_What is needed_. Every line below between the line holding "Dámské bambusové triko" and the line holding "Amazing Clay Pottery", inclusive, should be repeated exactly, and all other lines omitted.

_Recorded data_.
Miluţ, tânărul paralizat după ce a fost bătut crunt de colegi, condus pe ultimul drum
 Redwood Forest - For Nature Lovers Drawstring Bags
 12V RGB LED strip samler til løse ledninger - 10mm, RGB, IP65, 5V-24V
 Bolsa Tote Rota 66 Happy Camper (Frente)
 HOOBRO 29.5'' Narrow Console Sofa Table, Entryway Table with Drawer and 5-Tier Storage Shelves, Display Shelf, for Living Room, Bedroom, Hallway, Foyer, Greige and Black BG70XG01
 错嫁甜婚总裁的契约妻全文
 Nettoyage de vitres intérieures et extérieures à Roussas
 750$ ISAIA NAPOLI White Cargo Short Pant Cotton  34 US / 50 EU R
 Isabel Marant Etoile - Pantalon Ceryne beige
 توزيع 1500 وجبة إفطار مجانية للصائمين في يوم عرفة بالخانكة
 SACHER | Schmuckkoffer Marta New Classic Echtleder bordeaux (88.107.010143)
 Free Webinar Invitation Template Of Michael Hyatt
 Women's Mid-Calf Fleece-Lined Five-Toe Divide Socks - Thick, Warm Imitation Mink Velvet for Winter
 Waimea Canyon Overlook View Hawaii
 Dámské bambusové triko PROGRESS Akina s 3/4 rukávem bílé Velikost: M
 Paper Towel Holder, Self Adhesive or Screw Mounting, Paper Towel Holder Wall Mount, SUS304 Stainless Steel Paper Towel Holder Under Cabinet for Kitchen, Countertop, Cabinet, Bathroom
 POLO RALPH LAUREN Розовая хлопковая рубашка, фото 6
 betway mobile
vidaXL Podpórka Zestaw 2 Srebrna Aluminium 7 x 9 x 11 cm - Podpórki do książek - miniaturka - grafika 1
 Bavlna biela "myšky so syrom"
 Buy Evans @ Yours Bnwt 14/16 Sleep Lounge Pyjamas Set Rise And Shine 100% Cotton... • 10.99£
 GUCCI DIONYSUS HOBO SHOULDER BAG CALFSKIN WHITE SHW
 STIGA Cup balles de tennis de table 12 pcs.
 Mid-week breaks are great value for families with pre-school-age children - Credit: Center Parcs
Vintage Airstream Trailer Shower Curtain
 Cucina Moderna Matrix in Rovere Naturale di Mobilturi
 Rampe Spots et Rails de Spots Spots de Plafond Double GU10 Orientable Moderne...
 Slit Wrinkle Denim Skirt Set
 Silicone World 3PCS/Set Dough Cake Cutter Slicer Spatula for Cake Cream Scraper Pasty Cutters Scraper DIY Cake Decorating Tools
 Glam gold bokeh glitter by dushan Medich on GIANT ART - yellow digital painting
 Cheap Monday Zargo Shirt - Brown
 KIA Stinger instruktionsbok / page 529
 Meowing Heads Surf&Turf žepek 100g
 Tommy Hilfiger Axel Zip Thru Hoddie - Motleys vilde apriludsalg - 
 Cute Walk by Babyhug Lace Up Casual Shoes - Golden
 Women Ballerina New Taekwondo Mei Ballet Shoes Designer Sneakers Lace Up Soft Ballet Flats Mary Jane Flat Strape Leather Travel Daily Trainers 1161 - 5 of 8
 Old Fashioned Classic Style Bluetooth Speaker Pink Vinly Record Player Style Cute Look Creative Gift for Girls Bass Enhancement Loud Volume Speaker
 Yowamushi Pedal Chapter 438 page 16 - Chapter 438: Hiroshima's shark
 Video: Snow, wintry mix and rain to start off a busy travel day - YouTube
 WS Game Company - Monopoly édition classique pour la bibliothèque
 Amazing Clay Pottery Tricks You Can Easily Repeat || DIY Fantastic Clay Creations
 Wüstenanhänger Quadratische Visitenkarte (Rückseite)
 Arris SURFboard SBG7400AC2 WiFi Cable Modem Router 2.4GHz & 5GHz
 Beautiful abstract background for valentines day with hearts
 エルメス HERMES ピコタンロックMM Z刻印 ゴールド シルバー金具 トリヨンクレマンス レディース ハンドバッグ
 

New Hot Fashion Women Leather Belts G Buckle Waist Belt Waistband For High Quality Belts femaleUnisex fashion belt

_Response box_.
 Dámské bambusové triko PROGRESS Akina s 3/4 rukávem bílé Velikost: M
 Paper Towel Holder, Self Adhesive or Screw Mounting, Paper Towel Holder Wall Mount, SUS304 Stainless Steel Paper Towel Holder Under Cabinet for Kitchen, Countertop, Cabinet, Bathroom
 POLO RALPH LAUREN Розовая хлопковая рубашка, фото 6
 betway mobile
vidaXL Podpórka Zestaw 2 Srebrna Aluminium 7 x 9 x 11 cm - Podpórki do książek - miniaturka - grafika 1
 Bavlna biela "myšky so syrom"
 Buy Evans @ Yours Bnwt 14/16 Sleep Lounge Pyjamas Set Rise And Shine 100% Cotton... • 10.99£
 GUCCI DIONYSUS HOBO SHOULDER BAG CALFSKIN WHITE SHW
 STIGA Cup balles de tennis de table 12 pcs.
 Mid-week breaks are great value for families with pre-school-age children - Credit: Center Parcs
Vintage Airstream Trailer Shower Curtain
 Cucina Moderna Matrix in Rovere Naturale di Mobilturi
 Rampe Spots et Rails de Spots Spots de Plafond Double GU10 Orientable Moderne...
 Slit Wrinkle Denim Skirt Set
 Silicone World 3PCS/Set Dough Cake Cutter Slicer Spatula for Cake Cream Scraper Pasty Cutters Scraper DIY Cake Decorating Tools
 Glam gold bokeh glitter by dushan Medich on GIANT ART - yellow digital painting
 Cheap Monday Zargo Shirt - Brown
 KIA Stinger instruktionsbok / page 529
 Meowing Heads Surf&Turf žepek 100g
 Tommy Hilfiger Axel Zip Thru Hoddie - Motleys vilde apriludsalg - 
 Cute Walk by Babyhug Lace Up Casual Shoes - Golden
 Women Ballerina New Taekwondo Mei Ballet Shoes Designer Sneakers Lace Up Soft Ballet Flats Mary Jane Flat Strape Leather Travel Daily Trainers 1161 - 5 of 8
 Old Fashioned Classic Style Bluetooth Speaker Pink Vinly Record Player Style Cute Look Creative Gift for Girls Bass Enhancement Loud Volume Speaker
 Yowamushi Pedal Chapter 438 page 16 - Chapter 438: Hiroshima's shark
 Video: Snow, wintry mix and rain to start off a busy travel day - YouTube
 WS Game Company - Monopoly édition classique pour la bibliothèque
 Amazing Clay Pottery Tricks You Can Easily Repeat || DIY Fantastic Clay Creations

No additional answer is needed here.